African children in the UK vulnerable to exploitation and abuse, say Ariyo

Africans are the fastest growing ethnic minority group in the UK but, says charity leader Debbie Ariyo, migration for a better life makes African children vulnerable to exploitation and abuse. Graham Hopkins reports

Think of an African child and the chances are the first images you conjure up are of either a “happy, smiling” child or, failing that, of a “starving” child.

“The notion of the happy African child as we knew it no longer exists,” says chief executive of Africans Unite Against Child Abuse (Afruca), Debbie Ariyo. “From being trafficked from one country and continent to another, to being exploited as domestic servants, being recruited to fight in wars as soldiers, being oppressed as slaves working on plantations and in mines, to being exploited as sex workers, the African child suffers gross violation of their rights as a human being, as a citizen of Africa and as a child.”

Now into its fifth year, Afruca promotes the welfare of African children in the UK, Africa and Europe. And with some sections of African communities involved in witchcraft, physical punishment, female genital mutilation, child trafficking and asylum seeking, the need for the organisation has never been stronger.

A particular focus at the moment is child trafficking. “It’s a significant part of the work we do between Africa and the UK,” says Ariyo. “Parents and relatives are willing to give their child away to total strangers in the belief that they will be coming to have a better life. We hold events in African countries showing that this notion of ‘a better life’ simply doesn’t exist; that they often become victims of sexual exploitation or domestic servitude.”

Afruca similarly targets African communities in the UK. Says Ariyo: “We are doing advocacy work to raise awareness and change attitudes, explaining what child abuse is, how to detect it and what you have to do to safeguard children.”

Indeed, Afruca is setting up a Safeguarding African Children Advocacy Project in Manchester, Birmingham and Newcastle, which seeks over three years to educate and raise the skill levels of practitioners and communities in these cities which have the most identifiable African communities outside of London.

In raising awareness, Ariyo realises that faith organisations play a critical role. “There was the case of the pastor of a church who over about five years would see lots of families with many children coming and going calling the adults aunties and uncles – and he didn’t find anything strange. He just assumed they were extended families helping out and didn’t think anything of it. But the children were being exploited for domestic servitude.”

The recent child-trafficking case of the Kenyan evangelist Gilbert Deya and the “miracle babies” highlights the potential for exploitation. “People are setting up church groups as commercial enterprises rather than religious vehicles and getting rich,” says Ariyo. “We want to urge church groups to take up self-regulation. If you want to set up a restaurant you need to have a licence, but to set up a religious group there is nothing – even though you’re still dealing with human beings and public welfare.”

She continues: “Those who register as a charity or set up to do good works have nothing to hide: the ones who have something to hide are the ones who never show their faces.
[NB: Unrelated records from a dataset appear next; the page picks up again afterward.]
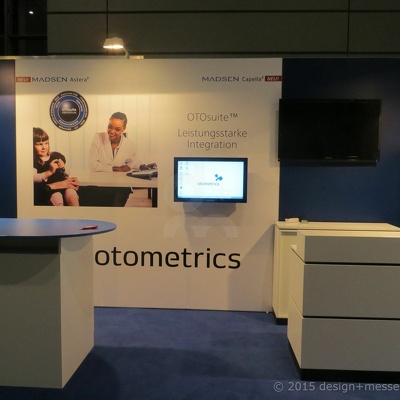 Otometrics_2013_HNO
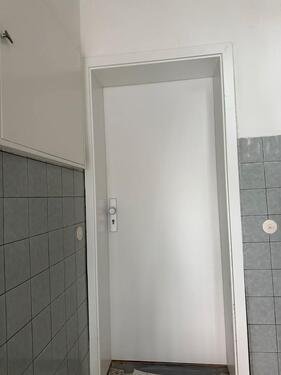 Foto - Monteurswohnung frisch Saniert - 1.500,00 EUR Kaltmiete,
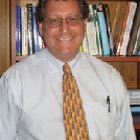 Dr. Steven Schiz, MD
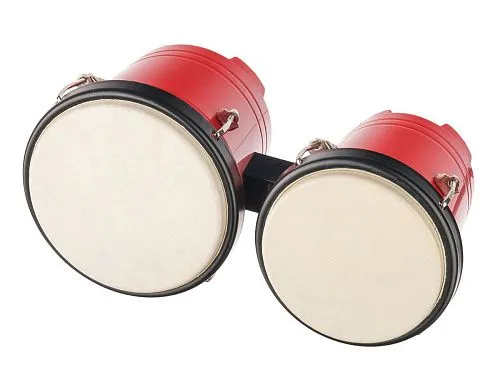 Dadi BG5575 Мини-Бонги, пара.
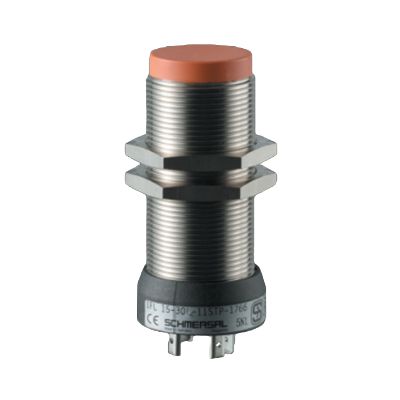 IFL 15-30L-11STP-1766, Schmersal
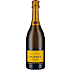 Champagne Carte d'or Brut 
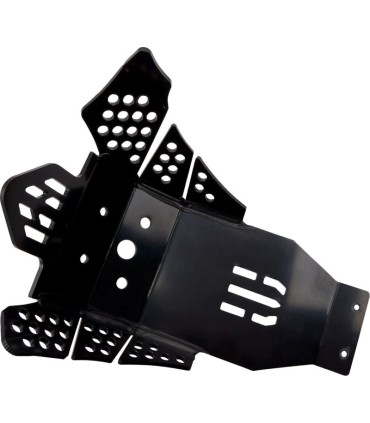 AXP AX1517 Skid plate Kawasaki KX450/X (2019-23)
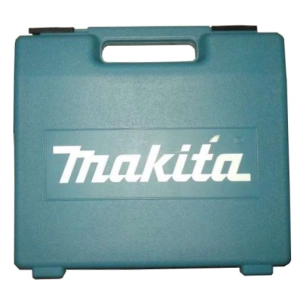 Caja de herramientas Makita 824923-6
If there is going to be any abuse or cruelty to children then that’s where it will happen.”

As with witchcraft and female genital mutilation, physical punishment is considered problematic here because it is a “cultural” practice for Africans. Not so, says Ariyo: “They are not cultural things. Many Africans are strong advocates against such things.
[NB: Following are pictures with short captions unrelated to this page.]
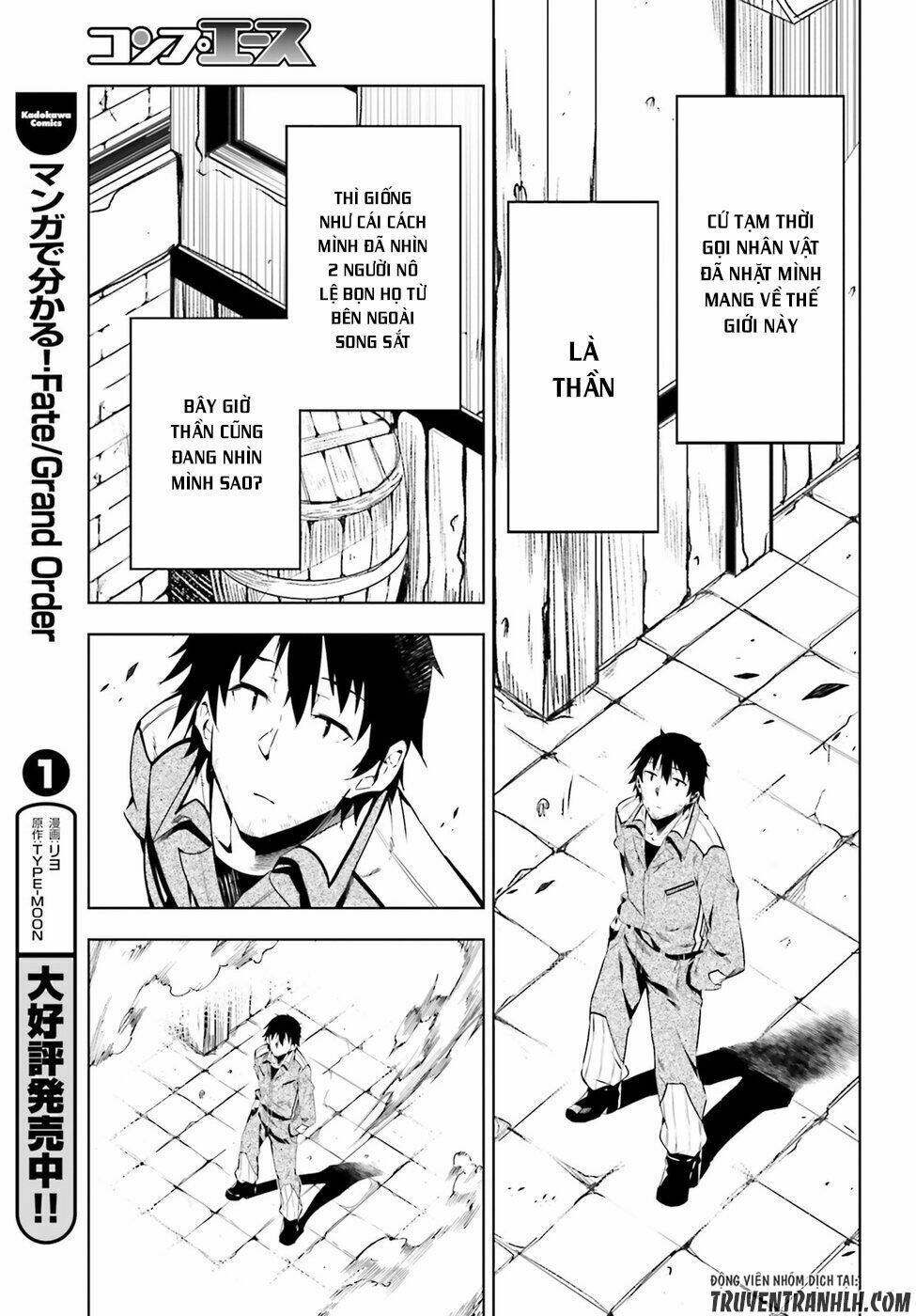 page_24.jpg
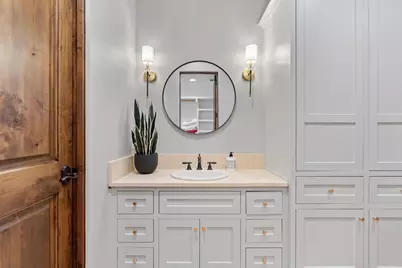 100 Cielo, Horseshoe Bay, TX 78657 - Photo 20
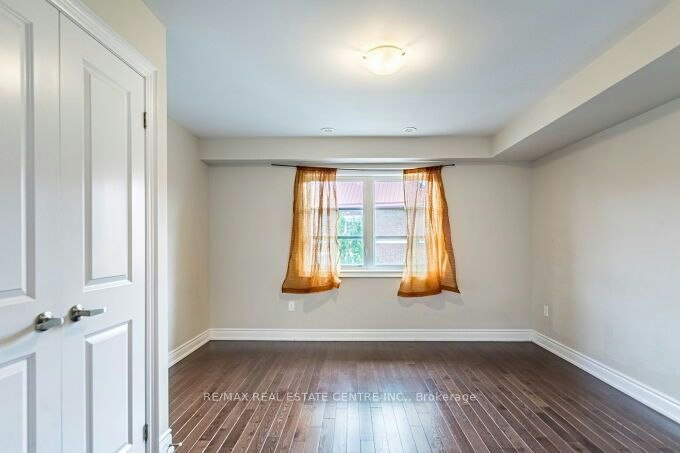 2034 Queensborough Gate, Mississauga, ON, L5M 0X9 - 30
It’s more to do with looking at how to safeguard children. I know people from Nigeria, where I come from, who have never been outside and would never beat their children because they don’t think it’s the right way to raise children.”

And Afruca is taking its message on the right way to raise children fearlessly and proudly into the UK’s African and faith communities.

Out of africa

  • There are more than 587,000 Africans legally resident (2001 census).
  • 78 per cent of Africans live in London.
  • In 2003, Africans accounted for 41 per cent of asylum applications.
  • Africans are the fastest growing ethnic minority group.
  • From 1992 to 2000, the number of African children increased by more than 50 per cent from 96,667 to about 145,667.